The agreement gives 72 Canadian institutions unlimited open access publishing rights and full entry to ACM’s Digital Library—accelerating global visibility for Canadian computing research while advancing ACM’s 2026 full open access goal.
In a move set to accelerate open access in computing research, the Association for Computing Machinery (ACM) has signed a transformative three-year read-and-publish agreement with eight Canadian regional library consortia. Covering 72 institutions nationwide—including top research hubs such as the University of Toronto, the University of Waterloo, and the University of British Columbia—the deal ensures both expanded access and cost-free publishing opportunities for Canadian researchers.
At its core, the agreement gives institutions Premium Access to the ACM Digital Library, one of the world’s most comprehensive repositories for computing and IT literature. The package includes the ACM Guide to Computing Literature, which indexes content from more than 8,000 publishers, along with advanced tools for search, citation, and scholarly discovery. More importantly, authors affiliated with participating institutions can now publish an unlimited number of open access articles in ACM journals, conference proceedings, and the International Conference Proceedings Series without paying article processing charges (APCs).
“This agreement reflects the power of regional collaboration in expanding access to academic publishing,” said Scott Delman, ACM’s Director of Publications. “We are proud to work with this group of Canadian consortia to support Open Access publishing and increase the visibility of research coming out of Canada.”
The eight participating consortia include the Ontario Council of University Libraries (OCUL), Partenariat des bibliothèques universitaires du Québec (PBUQ), British Columbia Electronic Library Network (BC ELN), and others representing colleges and universities across Canada.
For Canadian researchers, the benefits are twofold: enhanced global visibility of their work through open access publication, and immediate worldwide access for peers and practitioners.
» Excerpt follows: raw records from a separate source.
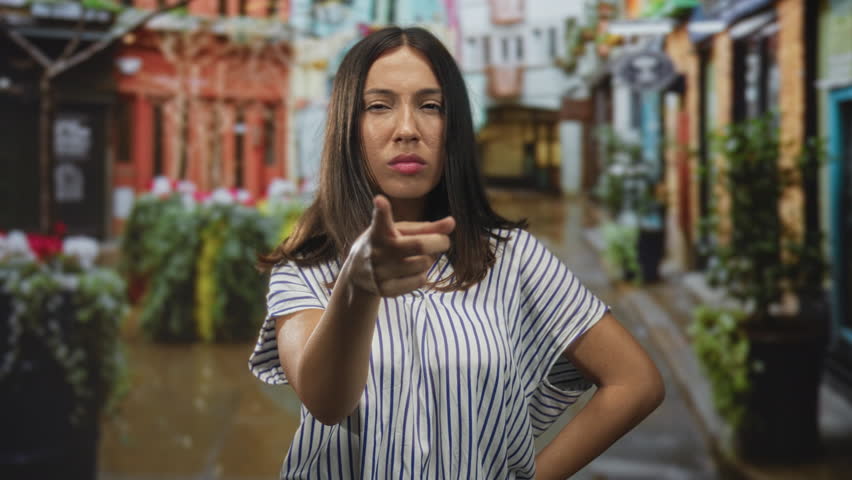Hispanic young brunette woman pointing finger directly at camera in a narrow cobbled street with potted plants and storefronts; confrontation.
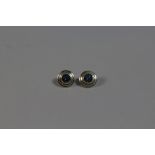 A Pair of Silver Mounted Circular Aquamarine Stud Earrings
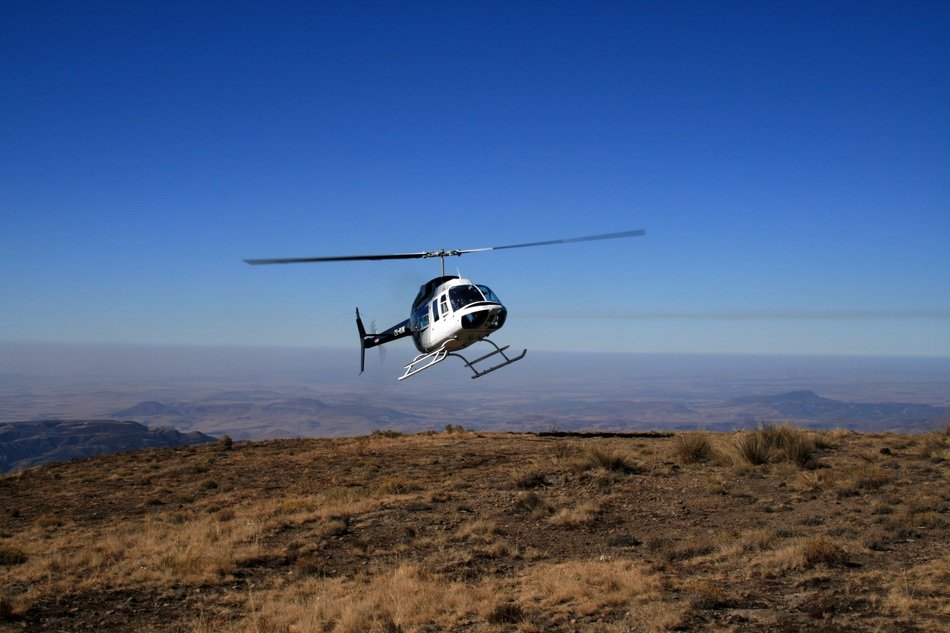 Helicopter flying over the Mountains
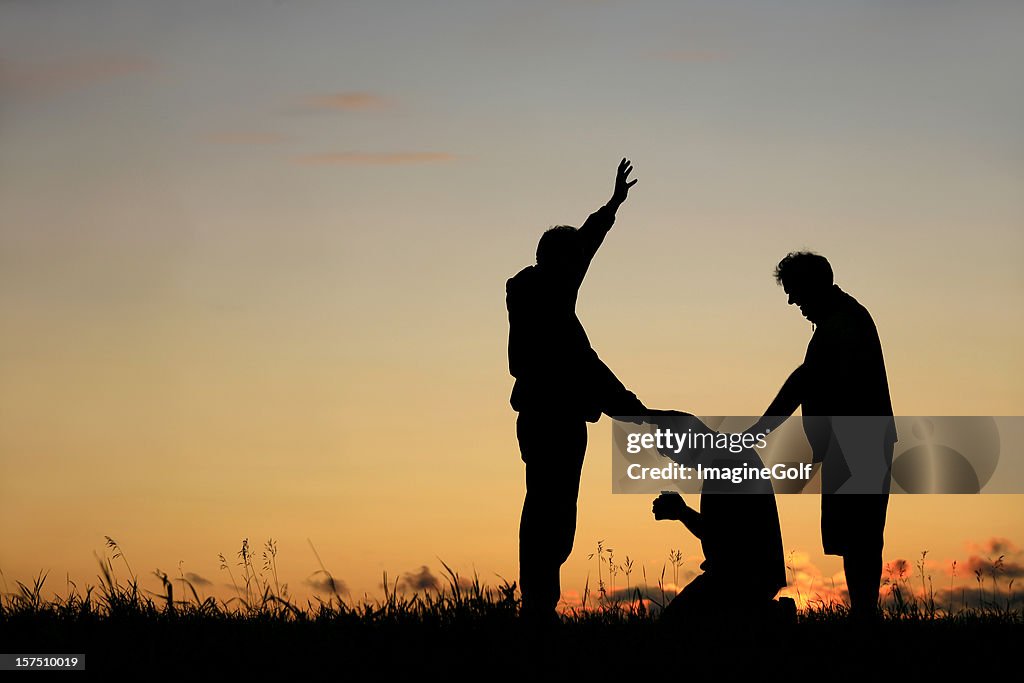 Silhouette of Men Praying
For the wider computing community, the deal means faster dissemination of Canadian contributions in fields ranging from artificial intelligence to quantum computing.
Launched in 2020, ACM Open has already attracted more than 2,700 institutions worldwide. The Canadian agreement marks a critical step toward ACM’s goal of transitioning its entire publishing portfolio to full open access by January 2026—an ambitious shift designed to democratize knowledge and make computing research freely available to all.